The TMS320C64x DSPs (including the TMS320DM642 device) are the highest-performance fixed-point DSP generation in the TMS320C6000 DSP platform. The TMS320DM642 (DM642) device is based on the second-generation high-performance, advanced VelociTI very-long-instruction-word (VLIW) architecture (VelociTI.2) developed by Texas Instruments (TI), making these DSPs an excellent choice for digital media applications. The C64x is a code-compatible member of the C6000 DSP platform.

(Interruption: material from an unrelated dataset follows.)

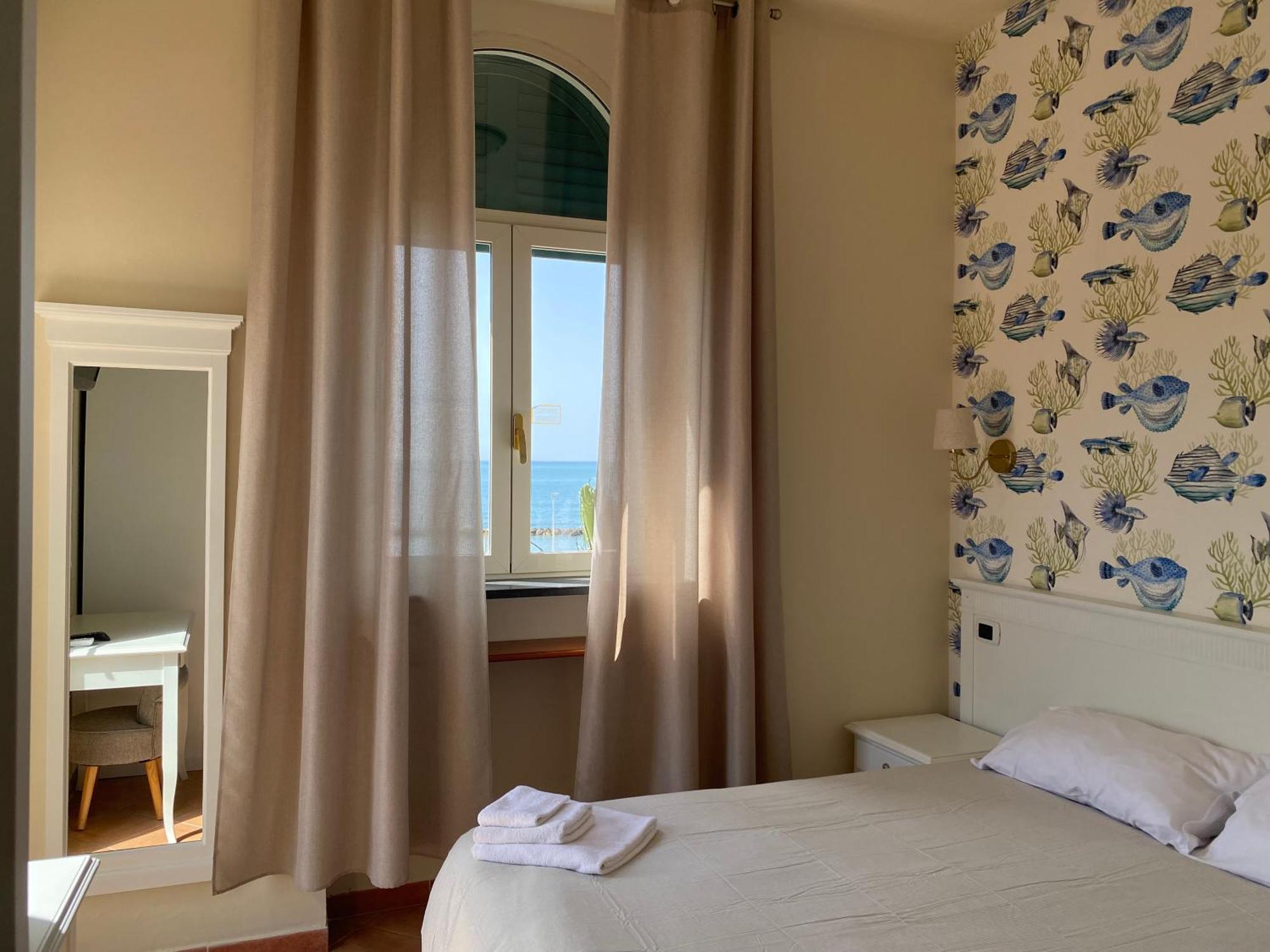Villino Gregoraci Relais Bed & Breakfast Santa Marinella Exterior foto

With performance of up to 5760 million instructions per second (MIPS) at a clock rate of 720 MHz, the DM642 device offers cost-effective solutions to high-performance DSP programming challenges. The DM642 DSP possesses the operational flexibility of high-speed controllers and the numerical capability of array processors. The C64x DSP core processor has 64 general-purpose registers of 32-bit word length and eight highly independent functional units-two multipliers for a 32-bit result and six arithmetic logic units (ALUs)- with VelociTI.2 extensions. The VelociTI.2 extensions in the eight functional units include new instructions to accelerate the performance in video and imaging applications and extend the parallelism of the VelociTI architecture. The DM642 can produce four 16-bit multiply-accumulates (MACs) per cycle for a total of 2880 million MACs per second (MMACS), or eight 8-bit MACs per cycle for a total of 5760 MMACS. The DM642 DSP also has application-specific hardware logic, on-chip memory, and additional on-chip peripherals similar to the other C6000 DSP platform devices.

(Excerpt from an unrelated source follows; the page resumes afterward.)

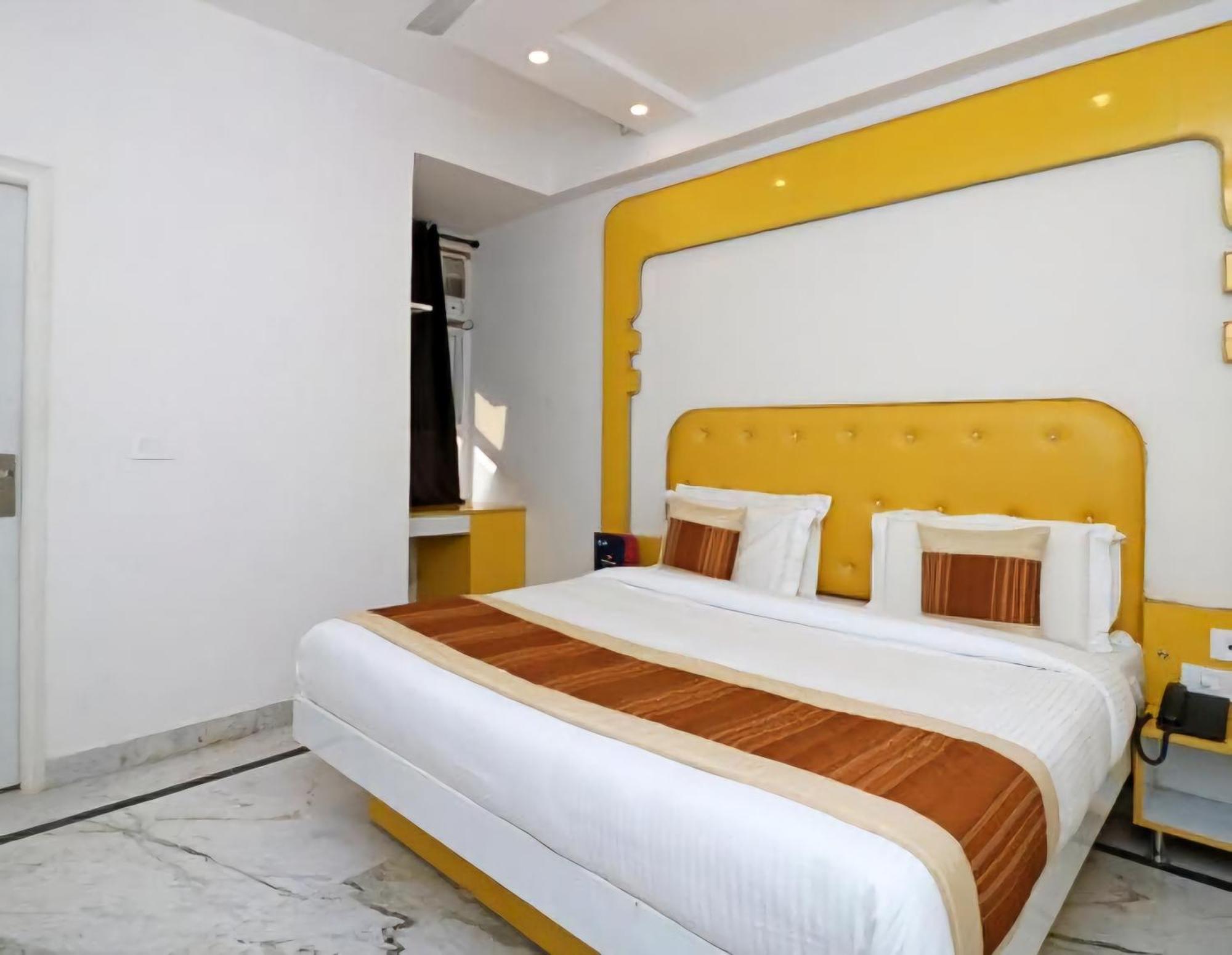 Leo Continental Hotel New Delhi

The DM642 uses a two-level cache-based architecture and has a powerful and diverse set of peripherals. The Level 1 program cache (L1P) is a 128-Kbit direct mapped cache and the Level 1 data cache (L1D) is a 128-Kbit 2-way set-associative cache. The Level 2 memory/cache (L2) consists of an 2-Mbit memory space that is shared between program and data space. L2 memory can be configured as mapped memory, cache, or combinations of the two. The peripheral set includes: three configurable video ports; a 10/100 Mb/s Ethernet MAC (EMAC); a management data input/output (MDIO) module; a VCXO interpolated control port (VIC); one multichannel buffered audio serial port (McASP0); an inter-integrated circuit (I2C) Bus module; two multichannel buffered serial ports (McBSPs); three 32-bit general-purpose timers; a user-configurable 16-bit or 32-bit host-port interface (HPI16/HPI32); a peripheral component interconnect (PCI); a 16-pin general-purpose input/output port (GP0) with programmable interrupt/event generation modes; and a 64-bit glueless external memory interface (EMIFA), which is capable of interfacing to synchronous and asynchronous memories and peripherals.

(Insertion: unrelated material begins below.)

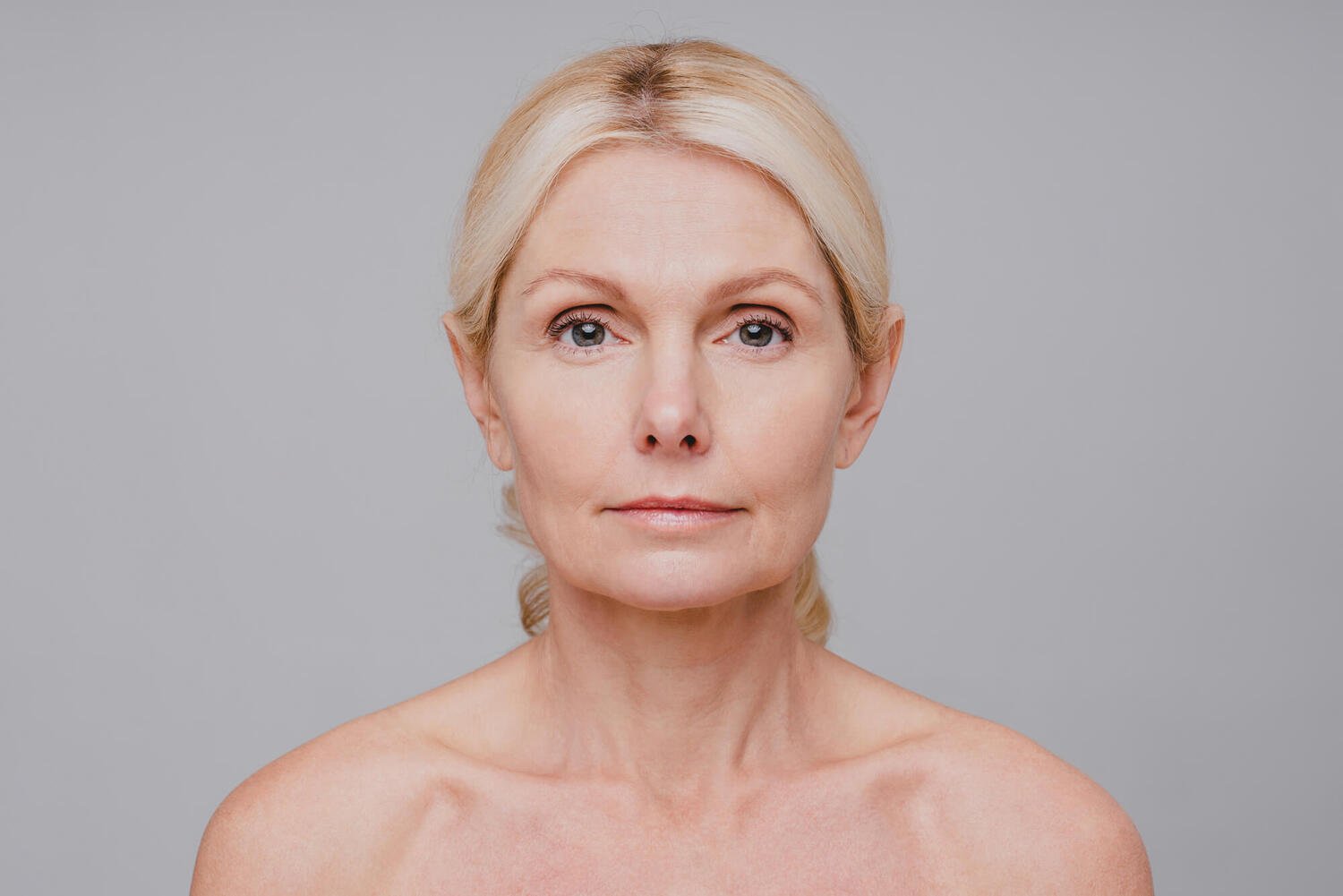 close-up-portrait-of-middle-aged-beautiful-woman-s-2026-01-07-00-29-27-utc.jpg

The DM642 device has three configurable video port peripherals (VP0, VP1, and VP2). These video port peripherals provide a glueless interface to common video decoder and encoder devices. The DM642 video port peripherals support multiple resolutions and video standards (e. g., CCIR601, ITU-BT.656, BT.1120, SMPTE 125M, 260M, 274M, and 296M).
These three video port peripherals are configurable and can support either video capture and/or video display modes. Each video port consists of two channels - A and B with a 5120-byte capture/display buffer that is splittable between the two channels.
For more details on the Video Port peripherals, see the TMS320C64x Video Port/VXCO Interpolated Control (VIC) Port Reference Guide (literature number SPRU629).
High-Performance Digital Media Processor (TMS320DM642)
2-, 1.67-, 1.39-ns Instruction Cycle Time
500-, 600-, 720-MHz Clock Rate
Eight 32-Bit Instructions/Cycle
4000, 4800, 5760 MIPS
Fully Software-Compatible With C64x™
VelociTI.2™ Extensions to VelociTI™ Advanced Very-Long-Instruction-Word VLIW) TMS320C64x™ DSP Core
Eight Highly Independent Functional Units With VelociTI.2™ Extensions:
Six ALUs (32-/40-Bit), Each Supports Single 32-Bit, Dual 16-Bit, or Quad 8-Bit Arithmetic per Clock Cycle
Two Multipliers Support Four 16 x 16-Bit Multiplies (32-Bit Results) per Clock Cycle or Eight 8 x 8-Bit Multiplies (16-Bit Results) per Clock Cycle
Load-Store Architecture With Non-Aligned Support
64 32-Bit General-Purpose Registers
Instruction Packing Reduces Code Size
All Instructions Conditional
Instruction Set Features
Byte-Addressable (8-/16-/32-/64-Bit Data)
8-Bit Overflow Protection
Bit-Field Extract, Set, Clear
Normalization, Saturation, Bit-Counting
VelociTI.2™ Increased Orthogonality
L1/L2 Memory Architecture
128K-Bit (16K-Byte) L1P Program Cache (Direct Mapped)
128K-Bit (16K-Byte) L1D Data Cache (2-Way Set-Associative)